[OpenAFS-devel] afs-nfs translator

Jeffrey Hutzelman jhutz@cmu.edu
Tue, 15 May 2001 21:14:53 -0400 (EDT)


On 14 May 2001, Derek Atkins wrote:

> Production setting?  Uh, I would certainly hope not.  The NFS
> side of the protocol is completely insecure and could easily
> be hacked.  Also, the translator has never, IMHO, been a stable
> product.  It's been useful to me in rare occasions when I've
> had a machine without an AFS client, but I would never, personally,
> use a translator-based client for my real files.  I've lost way
> too much data to the translator failing at just the wrong time.

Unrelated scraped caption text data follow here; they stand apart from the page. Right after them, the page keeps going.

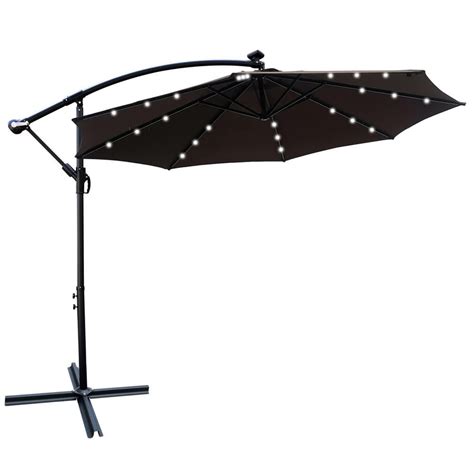 Sudzendf 10 ft. Outdoor Patio Umbrella Solar LED Lighted Sun Shade ...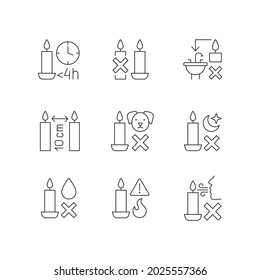 Candle safety regulations linear manual label icons set. Leftover disposal. Customizable thin line contour symbols. Isolated vector outline illustrations for product use instructions. Editable stroke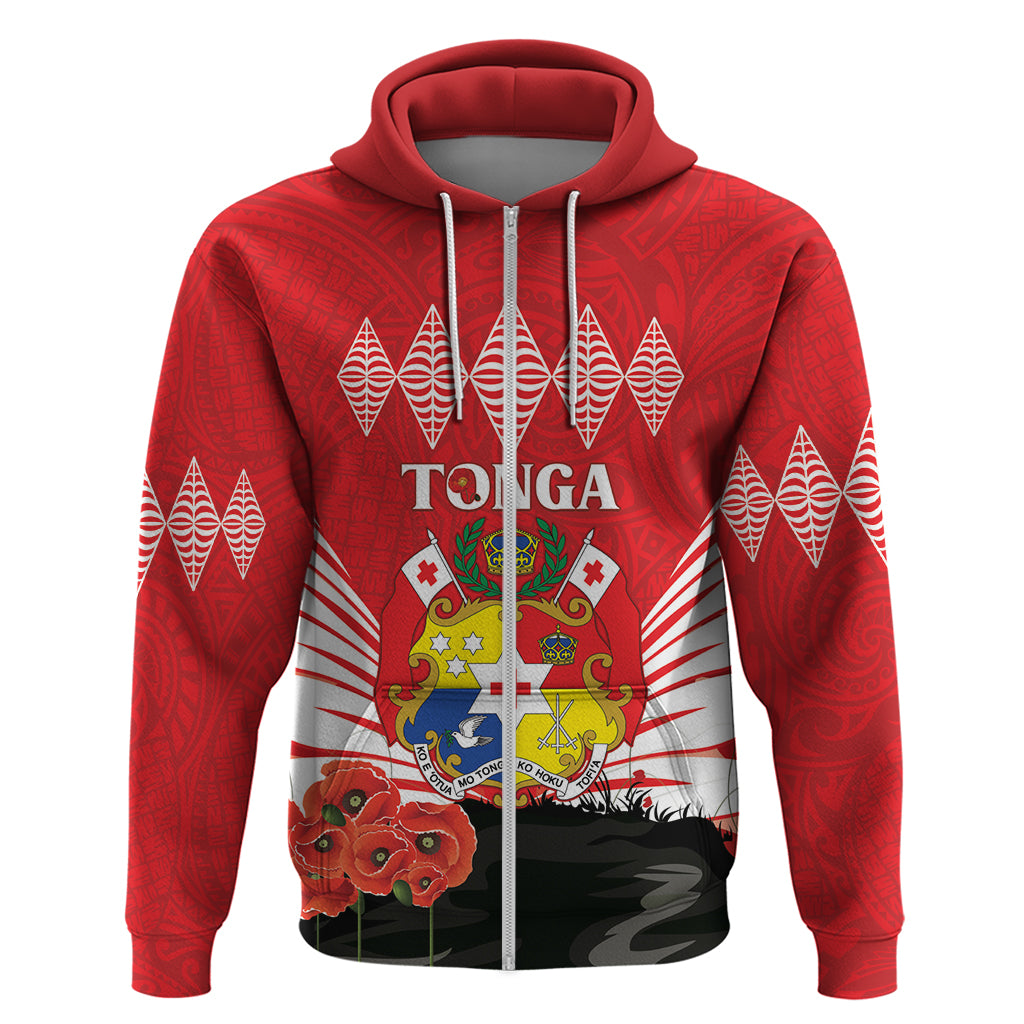 Tonga ANZAC Day Zip Hoodie Camouflage With Poppies Lest We Forget LT14 Zip Hoodie Red - Polynesian Pride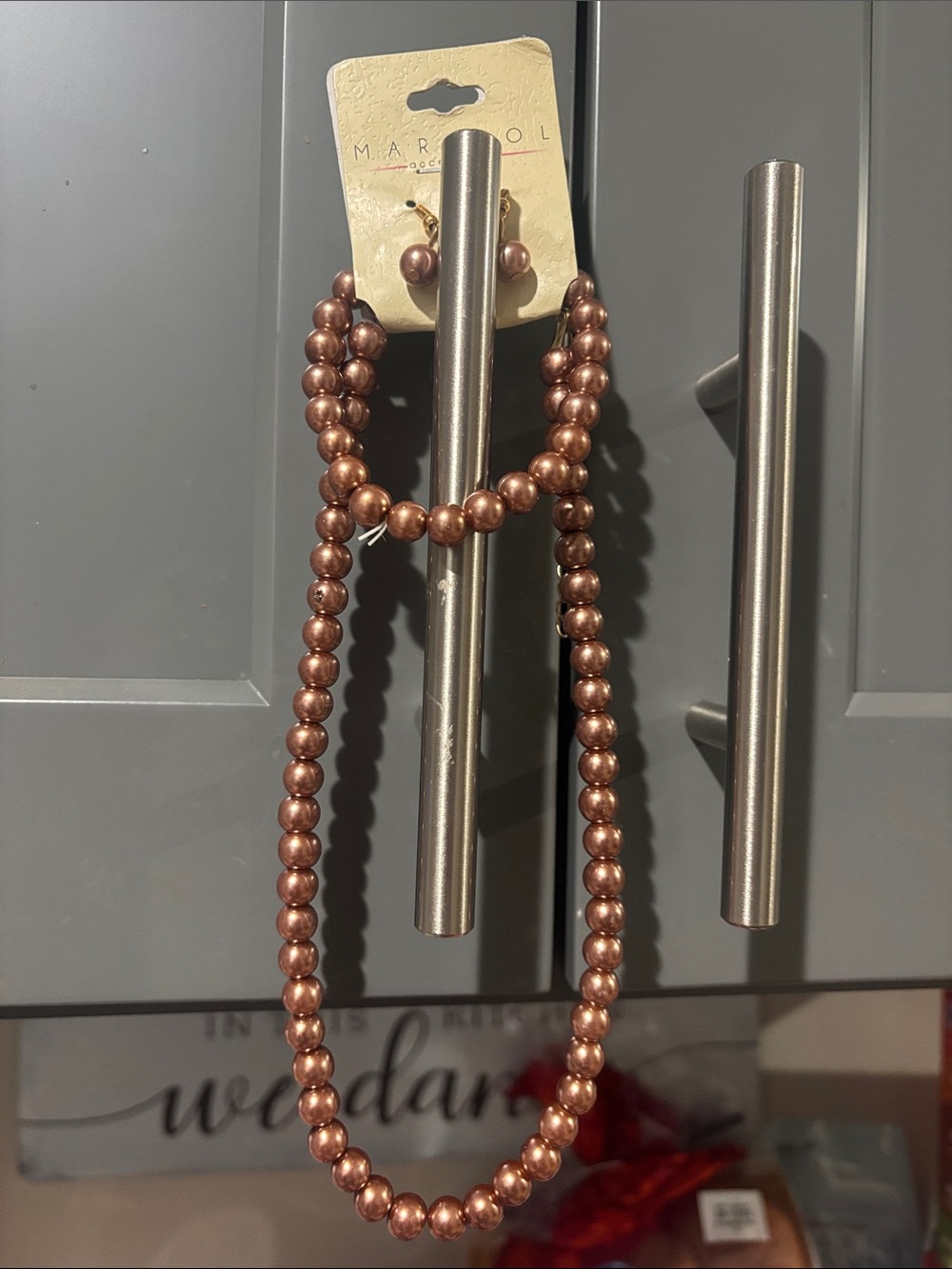 Copper Pearl Bead Necklace and Earring Set - Copper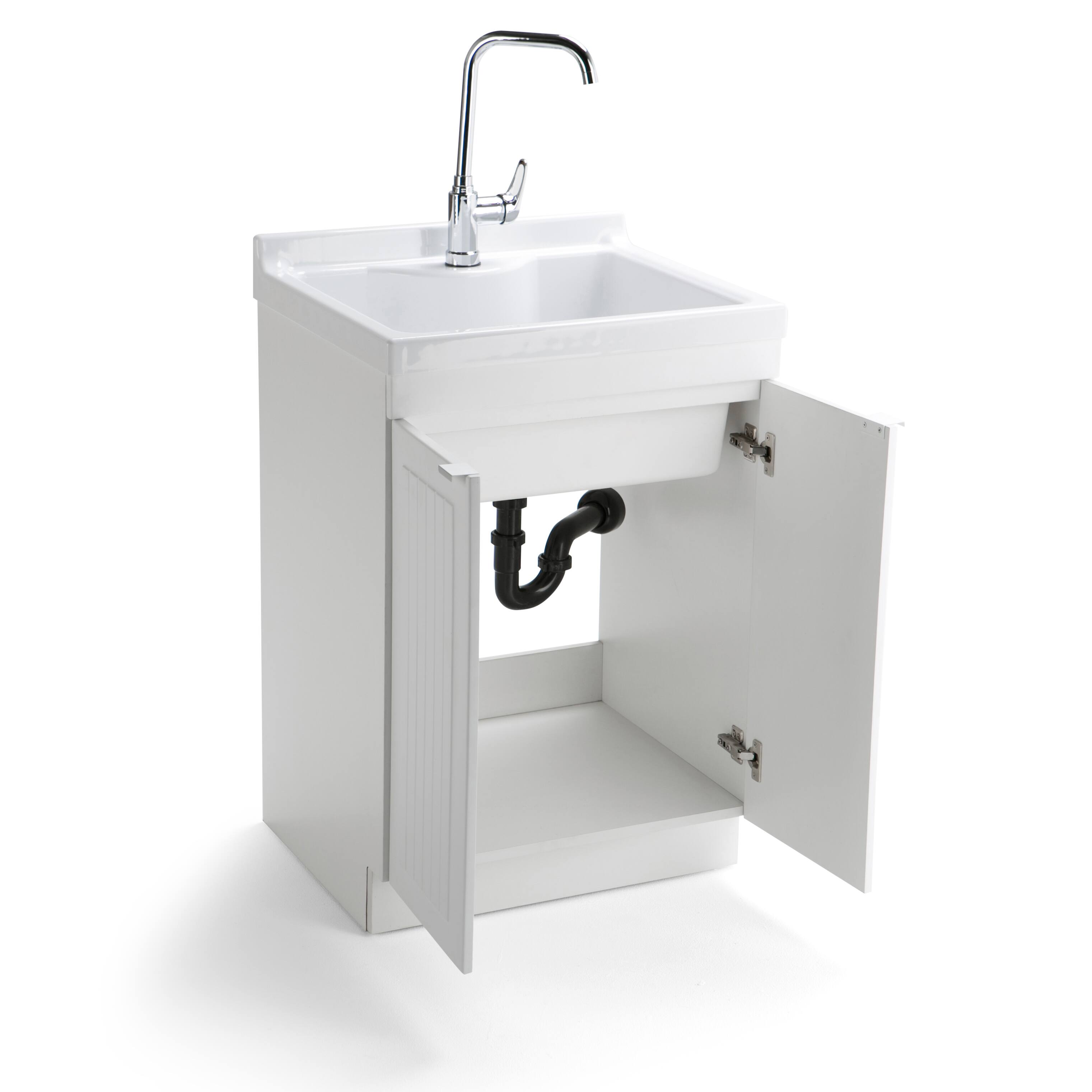 Back. Simpli Home - Murphy  All-in-One 24-inch ABS Utility Sink & Cabinet - Pure White.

I'm unclear on what Art meant by "this method".  I think he may have been
referring to your comments about exporting AFS read-only without the
translator.  I'm actually not convinced this is possible on most
platforms, due to the design of the VFS layer.  You don't need rmtsysd for
read-only access, of course.


We have been using the translator in production for a long time.  We use
it primarily for read-only access to archives and local software during
operating system installs -- most OS installers are happy to install from
NFS, but don't support AFS.  I actually did get the RedHat 5.2 installer
to support AFS installs using an in-memory cache manager, but was not able
to do so with 6.2.  Maybe next time...

In a few cases, we have users with machines which cannot run an AFS cache
manager for some reason.  In these situations, we reluctantly use the
translator, mostly with users logging in to the translator machine to run
knfs (note that setting tokens via rmtsysd is _extremely_ insecure).